その理由はというと、何かノリノリで書いてはいるんだけれど、自分だけ分かっているというか、楽しんでいるというか、そういう気がするのである。この人は、推敲してないんじゃないかと思うくらいである。

推敲とは、「てにをは」を直したり、送り仮名を正しくしたりすること<だけ>ではない。村上春樹が1Q84で書いたように、説明の必要な部分は書き足し、不必要な部分は削り、プリントアウトし読み直してみてまた書き足し、削り、これ以上足せないし引けないというところまで文章を磨き上げることである。

きっとこの人は頭が良すぎるんだろうと思う。自分のレベルで終わりにしてしまうのである。それでも、図書館に置いてあることが多いので、時々読んでしまう。てんやわんやの「ピーコちゃん」ではないが、ノリで書かれたものも時には楽しいからである。

この作品は珍しく、読み返してしまった。まず発想が秀逸である。戦後百一年の2046年、東京大震災により都心が壊滅。九十八歳作家である「私」は栃木の杉並木近くにある仮設住宅に住んでいる。(あとがきで、この想定は「群像」編集部からのお題であることが判明する)

もはや原稿用紙を作っているところはなく、パソコンは打てないので、昔の原稿の裏に墨を使って手書きしている。だから、自分以外は何を書いているか分からない。介護士のバーサン(30歳年下)に、「昔の字で書いてあるから分からない」と言われてしまうくらいである。

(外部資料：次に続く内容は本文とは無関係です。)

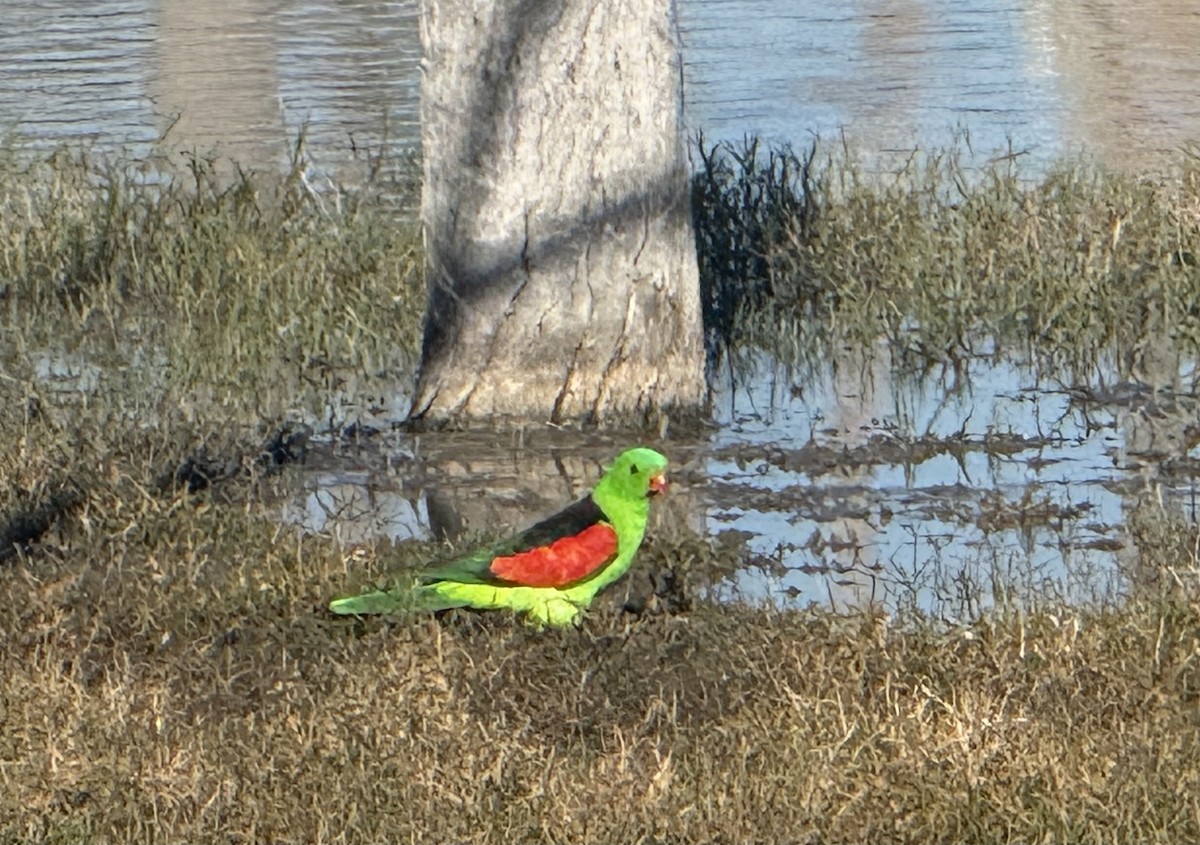 Red-winged Parrot - ML643252927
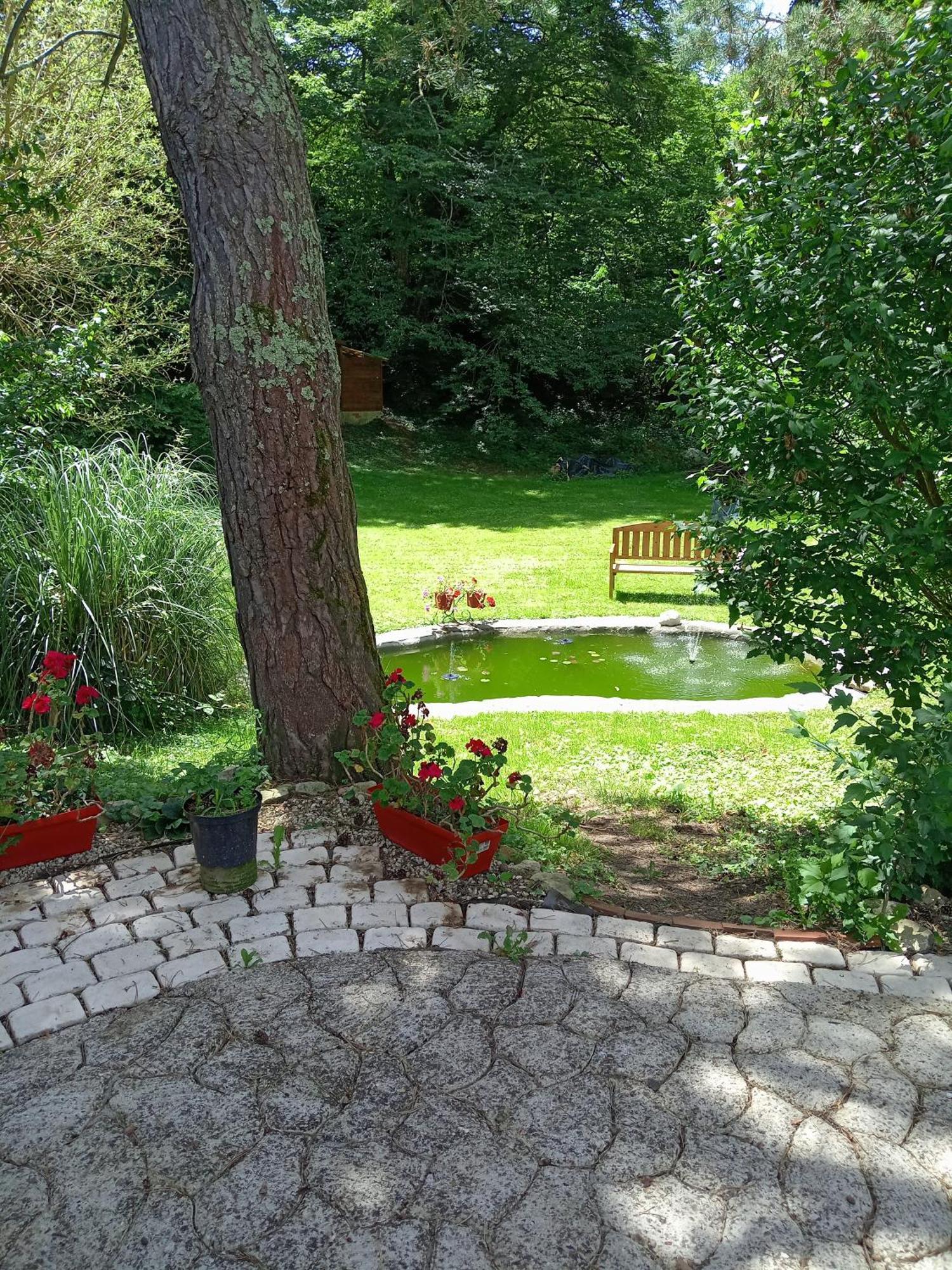 Chambres D'Hotes Du Moulin Saint-Julien-sur-Cher Exteriör bild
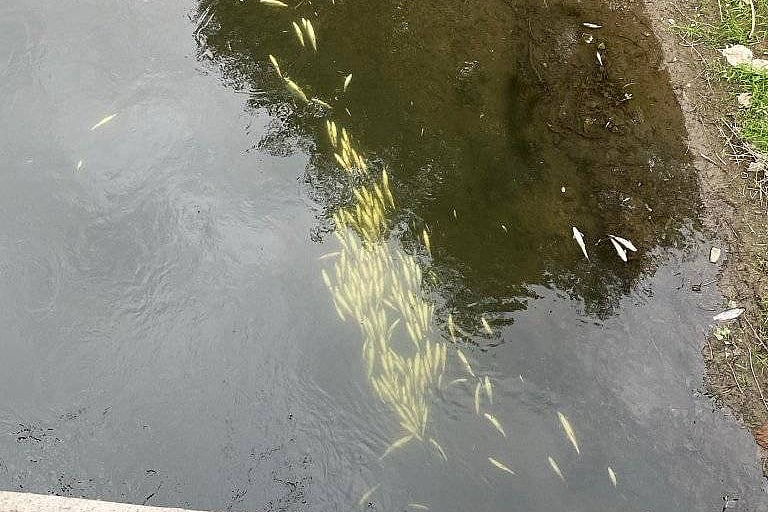 Stotine mrtvih riba na obali Bosne kod Zenice, pronađene i uginule lisice pored puta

ジュラシックパークに憧れた科学者がクローン再生してしまったプテラノドンが杉並木の上に巣を作り、老人をさらって雛のエサにしてしまうので自衛隊が出動して退治する。県政最大の実力者は知事のお母様で、すでに齢百十五。だから知事は七十越えてるのにお嬢様と呼ばれているなどドタバタが続くが、最高に面白いのは「メロンの娘」であった。

「メロンの娘」とは、九十八歳作家の「私」がいくら説明されても名前が覚えられないし人間関係が把握できないものだから、なじみの編集者の親戚でメロンを作っている誰かの係累としか分からないのでそう呼んでいる。このメロンの娘が、「私」の全集を出していいですかと聞いてくるのである。

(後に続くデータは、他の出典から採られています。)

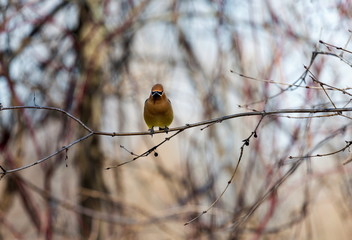 The Bohemian waxwing  is a starling-sized perching bird that breeds in the northern forests of Eurasia and North America. It has mainly buff-grey plumage, black face markings and a pointed crest.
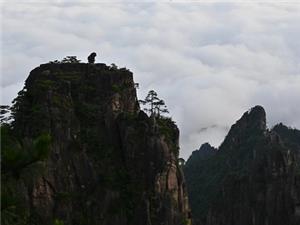 Famous Monkey Watching the Sea Rock Huangshan Scenic Day Tour
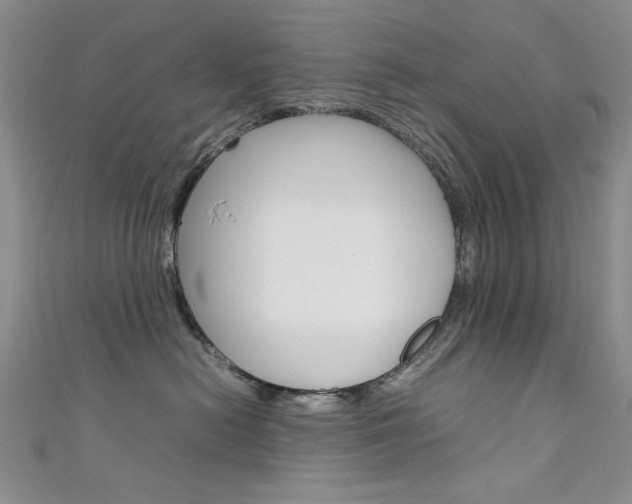 X0000111650478200907171102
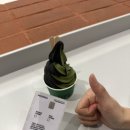 수원-0228 이미지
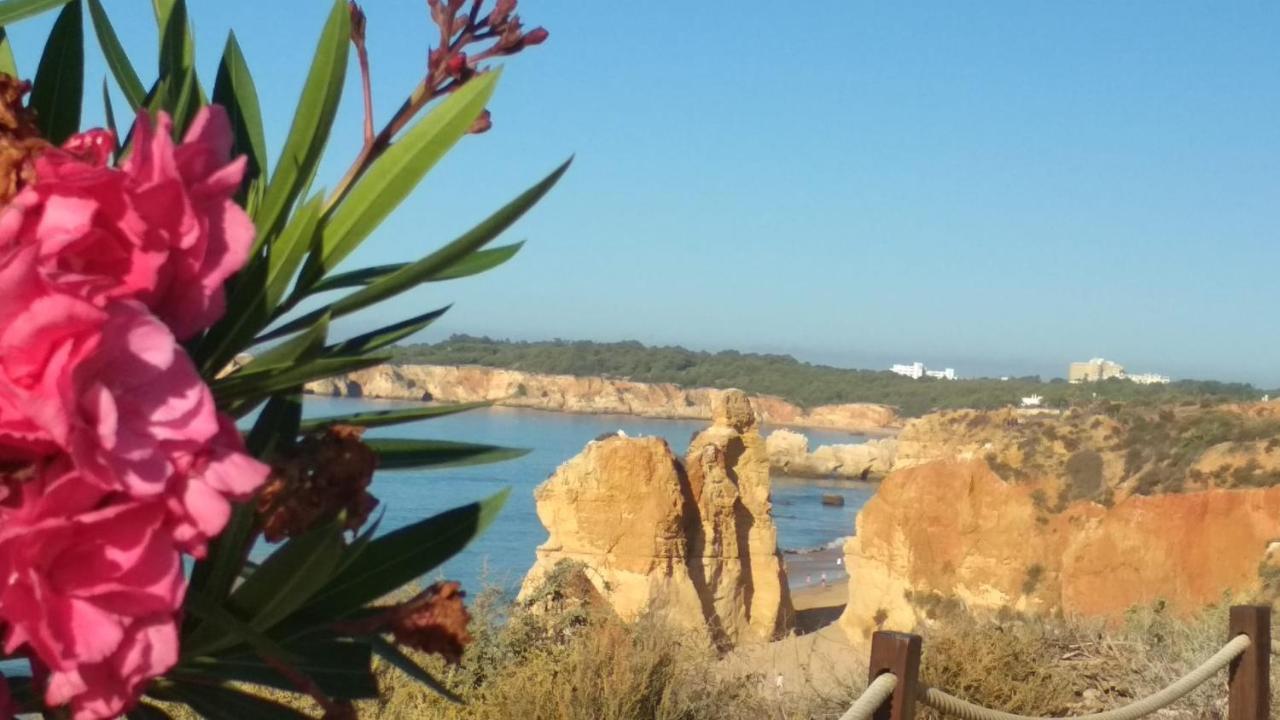 Albur Village B - Camomile Alvor Kültér fotó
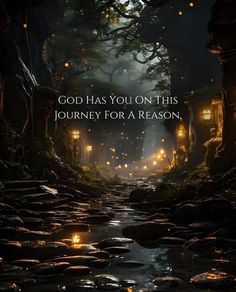 an image of a dark forest with the words god has you on this journey for a reason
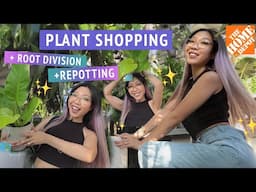 PLANT SHOPPING + REPOTTING  🌱 HOME DEPOT BIG BOX STORE houseplants for sale in Southern California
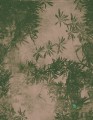 Fototapeta Wall&Deco WDVI1801 VIRIDE Contemporary 2018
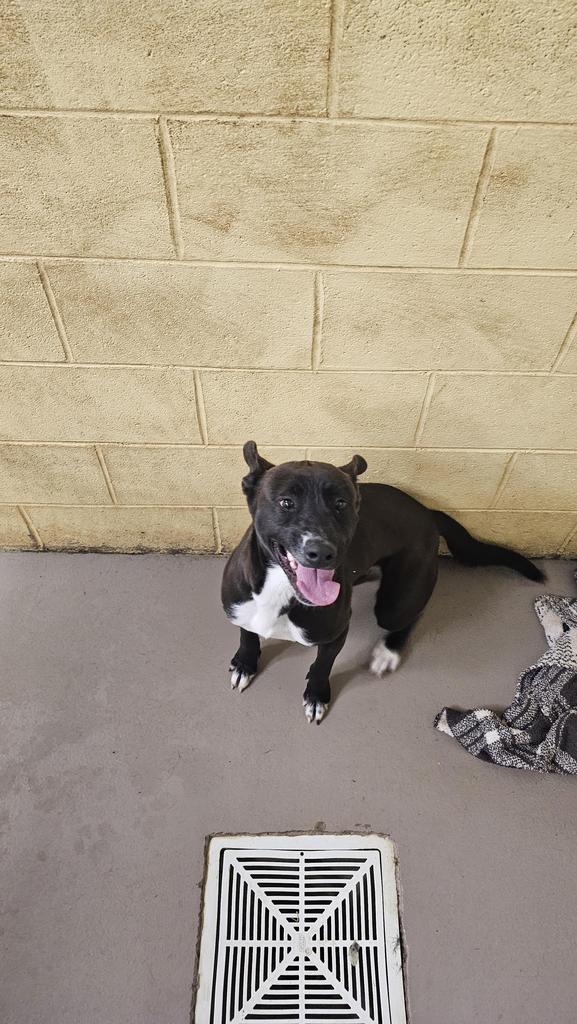 Enlarge SUSIE Q, a Adoptable mixed breed in Crossville, TN image 1/3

「いまどき全集なんて買う人いないよ」と九十八歳作家は言うのだが、「それでもいいんです」とメロンの娘は言う。

「私の本て、三百冊くらいあるのよ」と言うと、「三冊じゃだめですか」と娘。「三冊じゃ全集とは言わないよ」と九十八歳作家。

このメロンの娘は編集者とか書籍関係の仕事をしている訳ではなく、宇都宮で手作りのブローチを売っているという。「もしかして、コート着てスカーフ巻いて、寒い冬の夜に街灯の下でバスケットに入れて売ってるの?」と聞くと、「なんで知ってるんですか」と驚かれてしまう。

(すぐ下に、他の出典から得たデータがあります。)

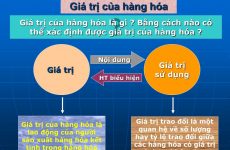 sản xuất hàng hóa là gì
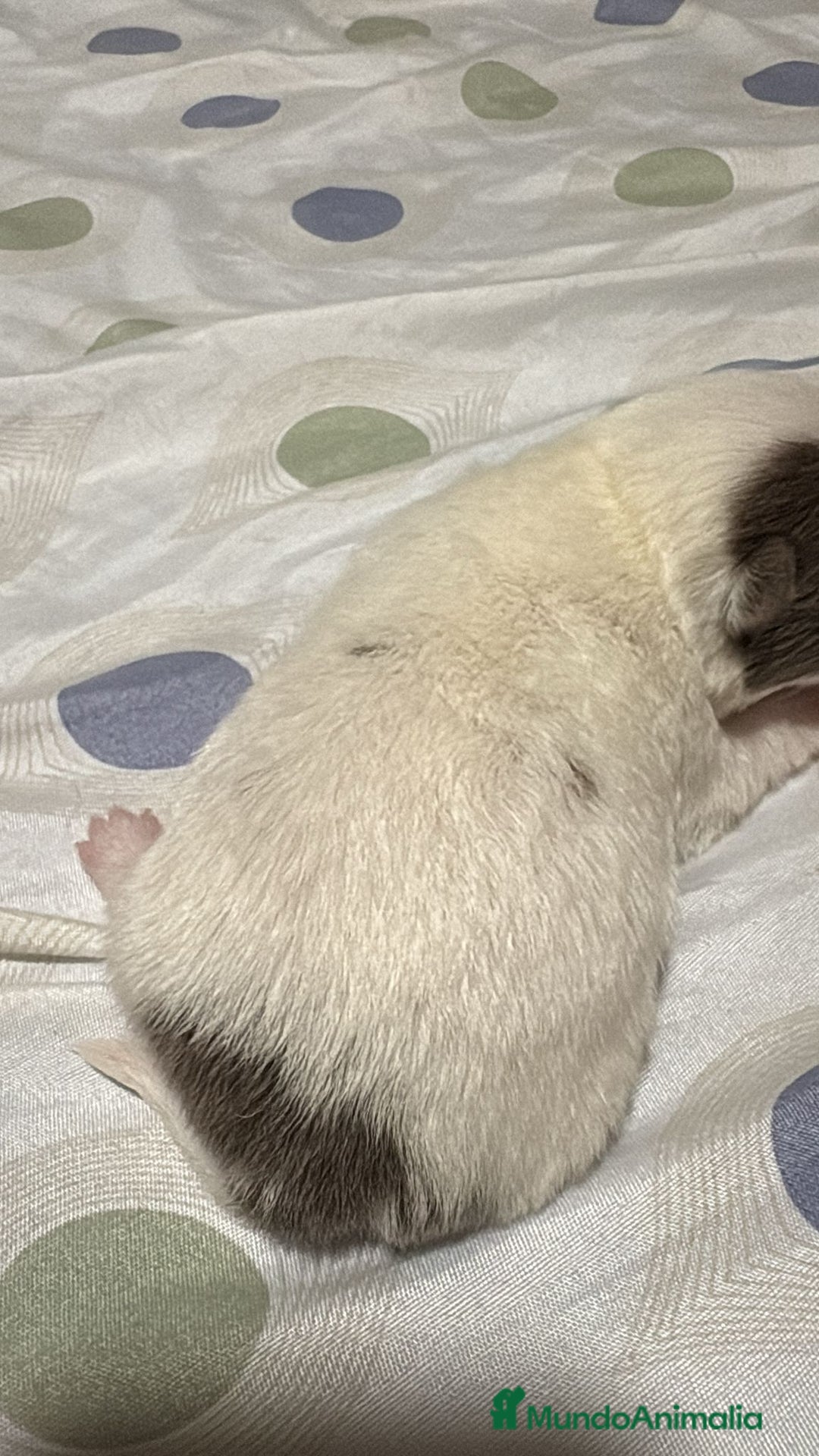 Chihuahua perros en venta: Chihuahua toy rusos - Imagen 3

ここから九十八歳作家の空想は、18世紀のペテルスブルグに飛び、宇都宮だから「餃子姫」という童話を誰か書かないだろうかとさらに飛ぶ。このあたりで、宇都宮駅前の「餃子像」を知っていると大笑いである。

結局、3冊の全集をOKするのだが、メロンの娘は、地震で崩れた書店の取り壊しの時拾った原本を、10冊コピーして自分で売るという。九十八歳作家は、そういえば昔、新宿西口に座って自分の詩集を売っていた女がいたなあと思いをはせる。

「もう、本に関しては流通なんてものは存在しませんね」となじみの編集者は言うのだが、だったら編集者は何をしてどこから給料をもらっているんだろうと、これは私が突っ込みを入れたのだった。

なんだか、あらすじを紹介しているだけで書評にも感想文にもなっていないような気がするのだが、2040年代を待たずに、雑誌とか書籍という紙媒体は存在基盤が大きく揺らぐだろうことは間違いない(新聞も)。

もはや、電車の中でサラリーマンが週刊誌を読んでいる光景は過去のものだし、少しは残っている新聞バサバサおっさんもいずれはいなくなるだろう。新聞も雑誌もスマホやタブレットの画面で完結するのであれば、印刷や流通といった業態も必要なくなる。

人口が減り続ける訳だからスペース的問題の重要度が相対的に低くなって、行政サービスとしての図書館は続くような気がするけど、行政が購入するような本ばかりというのもちょっと寂しいかもしれない。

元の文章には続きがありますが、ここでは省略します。